Вероника обожала свою маленькую, словно уютное гнездышко, квартирку в сонном районе. Балкончик, повисший над тишиной двора, уютная кухня, гостеприимная гостиная и спальня, словно кокон, сотканный из мечтаний. Здесь все дышало её вкусом, каждая деталь – отголосок её души. С первого взгляда эта квартира запала ей в сердце, несмотря на то, что прежние жильцы обходили ее стороной, пугаясь ветхости и запущенности. Вероника же увидела в ней холст, ждущий своего художника. Договорившись с владелицей, пожилой дамой, уставшей от города и мечтавшей о сельской идиллии, Вероника получила карт-бланш на преображение. Старая женщина, довольная стабильным доходом, редко беспокоила ее, да и не интересовалась особо метаморфозами старой квартиры.

Вероника, вооружившись поддержкой своего приемного отца, часами корпела над чертежами, воплощая в жизнь свой собственный проект. Кухня и гостиная слились в единое пространство благодаря величественной арке, визуально раздвинувшей стены. Арка, словно увитая виноградной лозой, сплетенной из бежевых и золотистых мазков, создавала иллюзию райского сада. Одна из стен, превратившись в полотно, расцвела под кистью Вероники. Картины и зеркала, словно окна в другие миры, заполняли пространство, а книжные полки, уставленные сокровищами мировой литературы, органично вписались в интерьер. Классическая мебель – небольшой диванчик с бархатной обивкой, словно приглашающий к неге, два кресла, обнимающие теплом, и белоснежный ковер, мягкий как облако, на котором она любила погружаться в чтение – создавали атмосферу утонченности и уюта. Кухня, светлая и просторная, с мраморными столешницами, отражала ее рациональный подход к кулинарии.

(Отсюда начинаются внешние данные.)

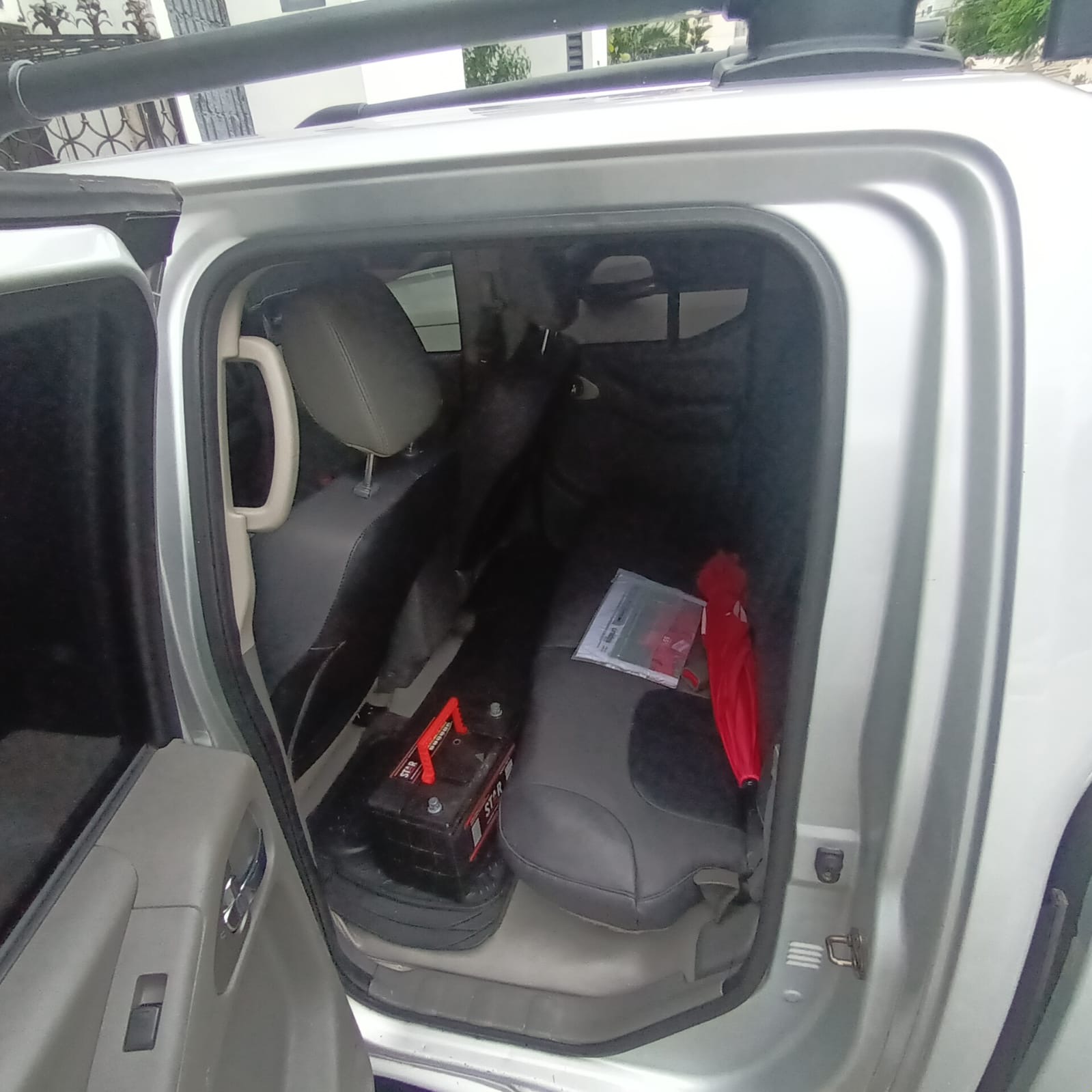 camiones y vehiculos pesados - Camioneta Frontier Doble cabina del 2015 4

Вероника, нечасто баловавшая себя сложными блюдами, предпочла громоздкому гарнитуру изящный стеклянный стол, украшенный канделябрами, словно сцена для романтического ужина. Из гостиной открывался выход на террасу, превращенную в летний сад. Несмотря на то, что растения отвечали ей взаимностью не всегда охотно, Вероника ценила их молчаливую красоту, поэтому и прибегла к помощи садовника. В окружении благоухающих цветов и изумрудной зелени она поставила плетеное кресло и соломенный столик, где любила встречать рассветы, согреваясь чашкой ароматного кофе.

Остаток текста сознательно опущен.